Ruminating on the irritating life we lead in the third world, I then thought of the poor folk living in New York and surrounds with that terrifying Super storm Sandy, and suddenly felt guilty at my own selfish exasperation.

Drought is bad enough but we have lived with it all our lives and have learnt to cope with it, but FLOODS?, now that's another story.

One can learn to deal with drought, if one is meticulous with ones water, if one has a garden that is drought resistant, if one learns to turn off taps while cleaning ones teeth.....etc etc

But to stop the onset of water from a hurricane is totally impossible. Those poor folk on the fiftieth floor of a skyscraper !! No power, possibly no potable water, no elevators, how horriffic.

Living in Zim we are prepared for power cuts, the lucky ones amongst us have our generators, our inverters, our candles, our torches. We have our containers of water for when the waterless days are upon us four days a week, and our hearts go out to those in desperate trouble on the east coast of the USA.
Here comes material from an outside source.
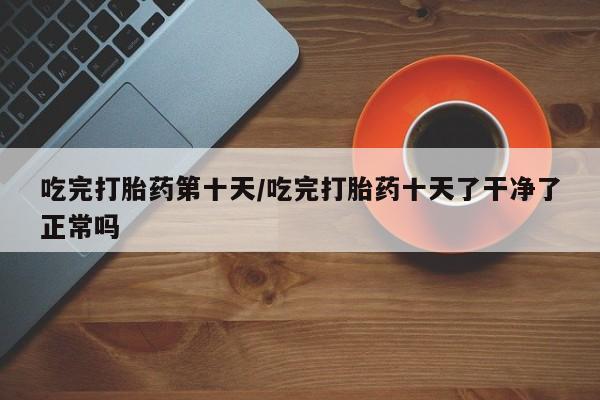 米非司酮网上药店微信吃完打胎药第十天/吃完打胎药十天了干净了正常吗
We have a blissful, generally warm climate, so heating thankfully is very low on the level of importance, unlike those folk on the East Coast of the USA.
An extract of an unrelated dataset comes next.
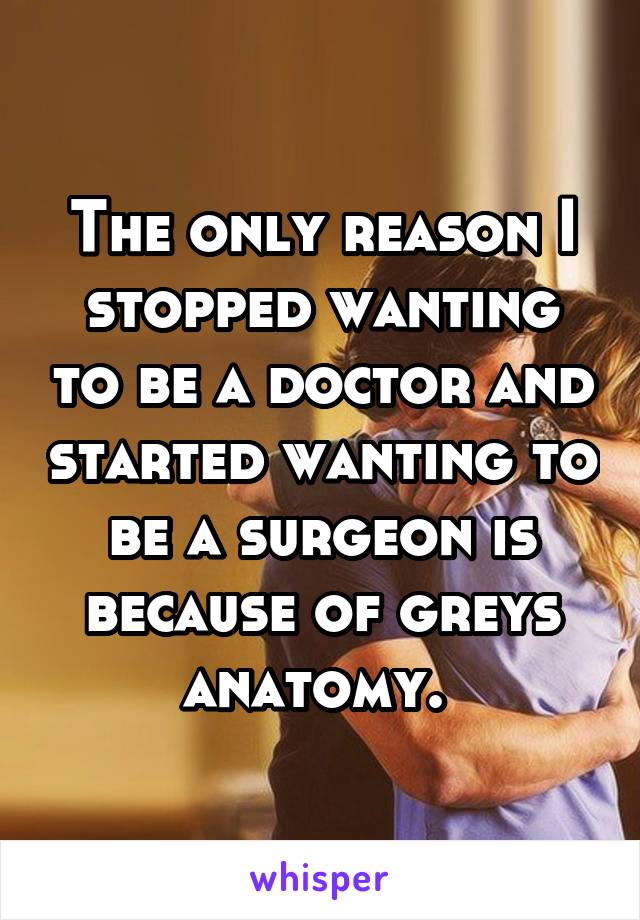 The only reason I stopped wanting to be a doctor and started wanting to be a surgeon is because of greys anatomy.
We too have had no fuel, many times, not for a week or two, but month after month, but then our communities are small, we are pretty used to walking and biking, and what's more we have delightful weather so we can queue, suntan and have a barbecue at the same time. In fact the topography of Bulawayo is such that one could put a rock, or a drum, in place of one's vehicle, knowing that there is still 'honour amongst fuel queuers' !!

However what is so amazing to us is that people are actually able to complain to their government! To blame their government for a super storm?

If we do not have a service, if we have a crisis, we make our own plan; we have no one else to call upon! No one else to blame!!

How lucky Americans are to be able to call on their municipal and governmental bodies for assistance. With the exception of a couple of ministries, we would not even contemplate asking for the civic rights, that are due to us, and for which we are taxed heavily!!